[[ MATERIAL FOR THIS EXERCISE, beginning ]]

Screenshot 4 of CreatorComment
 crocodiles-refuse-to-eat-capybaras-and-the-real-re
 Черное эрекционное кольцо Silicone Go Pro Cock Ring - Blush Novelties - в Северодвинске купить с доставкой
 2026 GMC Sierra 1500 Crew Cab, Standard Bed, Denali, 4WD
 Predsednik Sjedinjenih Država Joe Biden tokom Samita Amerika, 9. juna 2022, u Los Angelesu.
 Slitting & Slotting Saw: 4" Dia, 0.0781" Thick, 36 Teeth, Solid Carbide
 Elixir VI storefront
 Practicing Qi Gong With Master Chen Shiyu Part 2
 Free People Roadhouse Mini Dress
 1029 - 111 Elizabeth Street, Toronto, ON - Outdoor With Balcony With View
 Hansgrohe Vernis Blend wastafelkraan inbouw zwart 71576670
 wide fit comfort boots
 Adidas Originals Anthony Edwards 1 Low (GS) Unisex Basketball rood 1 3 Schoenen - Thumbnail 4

[[ MATERIAL FOR THIS EXERCISE, end ]]

- _PROBLEM DESCRIPTION_:
Beginning at the line that contains "Hansgrohe Vernis Blend" and ending at the last line above, copy each line without any change.

- _WRITTEN SOLUTION_:
 Hansgrohe Vernis Blend wastafelkraan inbouw zwart 71576670
 wide fit comfort boots
 Adidas Originals Anthony Edwards 1 Low (GS) Unisex Basketball rood 1 3 Schoenen - Thumbnail 4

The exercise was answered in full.